Benedict has said he will devote his life to prayer. There is no playbook for the life of prayer for a retired pope, Hilgartner said. "Nothing beyond the normal routine or prayers for a religious or a priest."
He said that would include "prayer throughout the day and the liturgy of the hours, morning prayer, evening prayer, Mass every day."
Benedict is likely to keep a small staff at the house to tend to his needs. "He has some German sisters" -- nuns -- "who cared for him in his domestic needs at the Apostolic Palace and they're apparently moving with him to this monastery. So he'll provide for their spiritual needs, saying Mass every day," Hilgartner said.
There may be a stipend for the retired pope. Italian news outlets have reported retired clerics receive up to €2,500 a month. Hilgartner said Benedict won't need much money if any at all. The Vatican will take care of his lodging and his health care.
"He didn't have a pension because the presumption was he would be in office until he died," Hilgartner said. "His needs will be cared for. Because of the way he'll be living, those needs will be somewhat limited."
Back to the books
Benedict, a theologian by training, is likely to switch from universal pastor back to scholar.
"My sense is that he will lay low out of deference to the new pope, that he will stay out of the way and under the radar," Hilgartner said. He expects the pope to behave mostly like a retired scholar, doing lots of reading and maybe a little writing.

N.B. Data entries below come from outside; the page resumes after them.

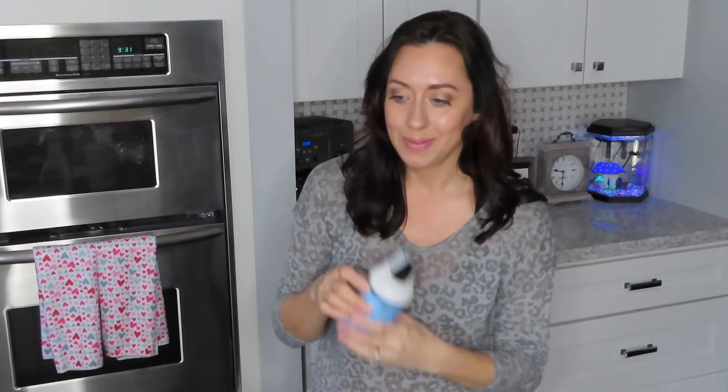That was my mom's latest Grove haul — she got some really nice stuff! I'm really liking this rainwater scent; I might have to order some of this stuff too. Thank you guys so much for watching and we'll see you next time, bye!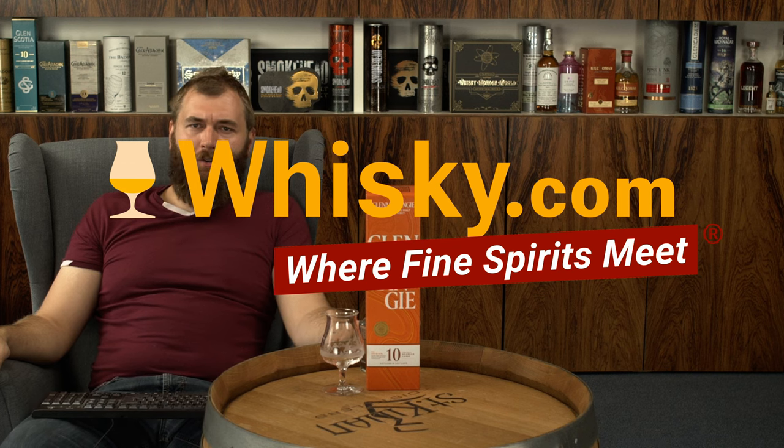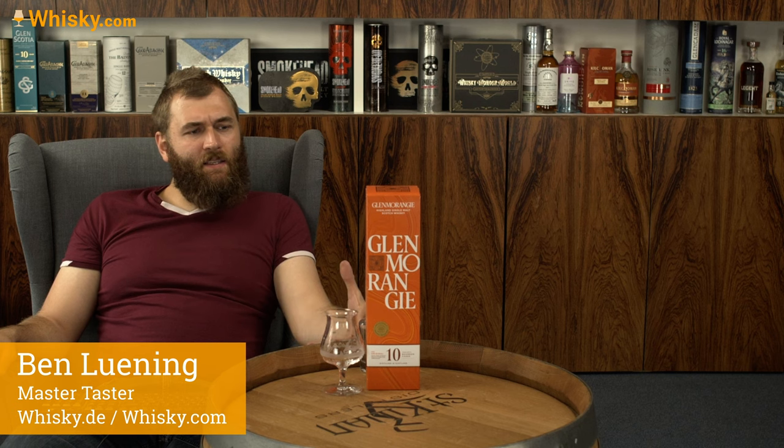Hello and welcome to Whisky.com where fine spirits meet. Today we have the Glenmorangie Original — the 10-year-old expression. It's a nice expression to feel the character of the distillery, as it's only been matured in first and second fill bourbon casks. Glenmorangie has a policy of using their casks just once or twice before they're sent elsewhere.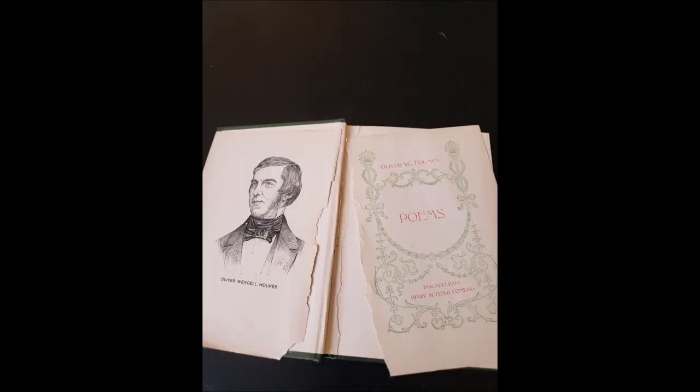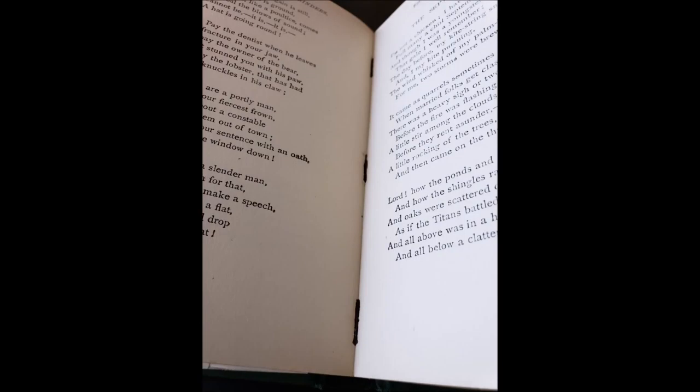The title page has the publisher's name, that is Henry Altimas Company. The back of the title page has no copyright date or any other information to indicate a publishing date. The pages have yellowed somewhat and in the middle of the book there are three staples, which appear to be original with the binding of the book.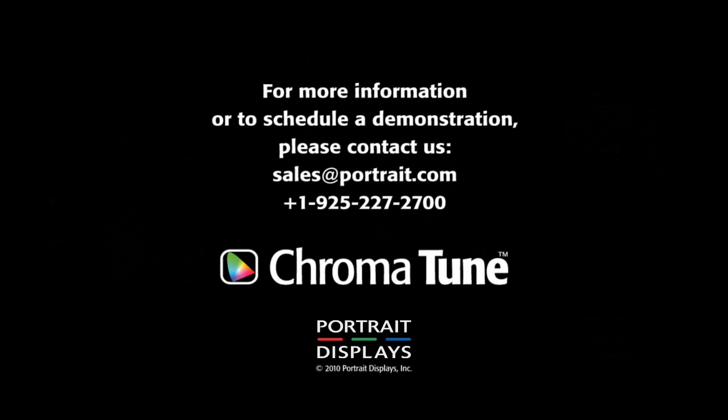For more information or to schedule a demonstration, please contact sales at Portrait.com. Thank you.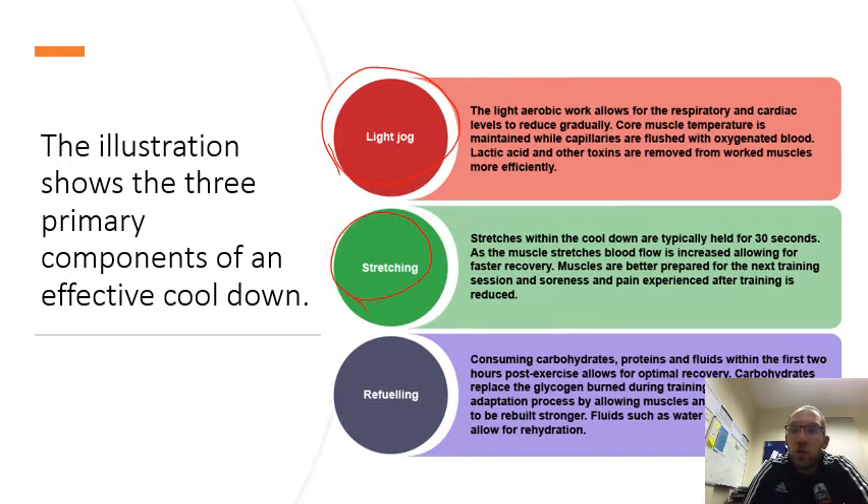Stretching: stretches within the cool down are typically held for 30 seconds. As the muscle stretches, blood flow is increased, allowing for faster recovery. Muscles are better prepared for the next training session and soreness and pain experienced after training is reduced. Refueling: as discussed in the diet and nutrition video, after exercise you need to replenish your carbohydrates in order to aid your recovery.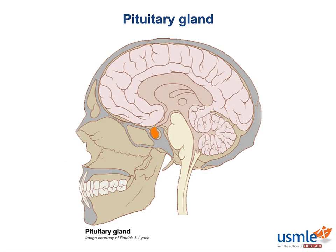Grossly speaking, the pituitary gland is that dangly structure that sits beneath the hypothalamus at the base of the brain. Remember what that part of the skull is called — the one with the pituitary inside? It's called the sella turcica, or the Turkish saddle.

Benedict was rumored to be working on his fourth encyclical before he announced he would resign, Hilgartner said. Encyclicals are papal letters to the church, often on pressing matters that carry the weight of the office the pope with them.

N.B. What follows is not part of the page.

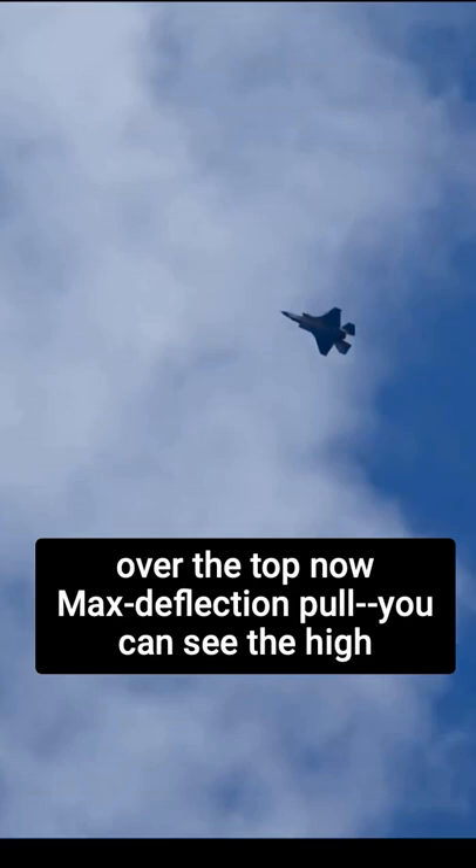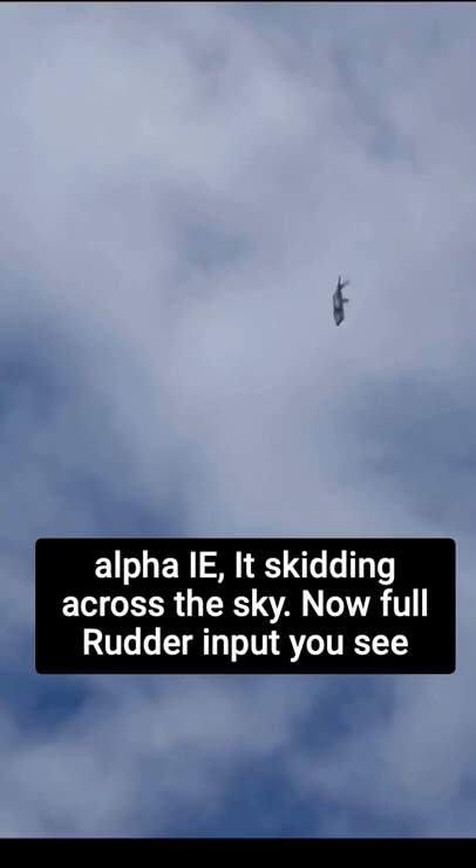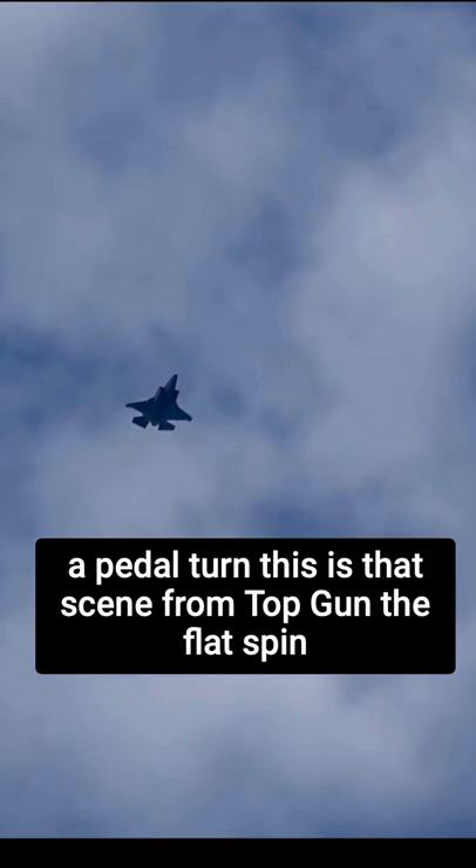All right, here the full F-35 maneuverability is on display over the top. Now max deflection pull. You can see the high alpha, i.e. it's skidding across the sky. Now full rudder input. You see a pedal turn. This is that scene from Top Gun — the flat spin out to sea.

"He had written the encyclical on hope, the encyclical on love, and another one on social justice and charity," Hilgartner said, adding that the rumored fourth may be on faith. As a retired pope, Benedict's final encyclical would not carry the weight of the office.
That is something Benedict had not imposed on his previous scholarly works while in office.
"He was careful not to bless his own writings with the papacy," said Pia de Solenni, a moral theologian from Seattle.
When he published books as the pope his byline was "Joseph Ratzinger -- Pope Benedict XVI," de Solenni noted.
"I think he was willing to engage with others." She said his books are "a sharing of ideas and he's putting his ideas out on paper. To me it's an incredible mark of his humility."
One thing for sure: he won't be writing any more tweets. The Vatican said the official Twitter handle @pontifex will be retired along with Benedict.
Life beyond the walls of the Vatican
Benedict said he no longer had the strength to go on. After he announced his retirement, the Vatican said he had begun thinking about leaving the office after a strenuous papal visit barnstorming across Mexico and Cuba.
When he leaves the office he will give up his Fisherman's Ring, which takes its name from St. Peter's occupation. It will be destroyed along with "the lead seal of the pontificate," Vatican spokesman Federico Lombardi said.
He will also be giving up his personal security detail, the 100 to 120 members of the Swiss Guard who are responsible for round-the-clock protection of the pope.
"He received security like any other head of state," former Swiss guard member Andreas Widmer said.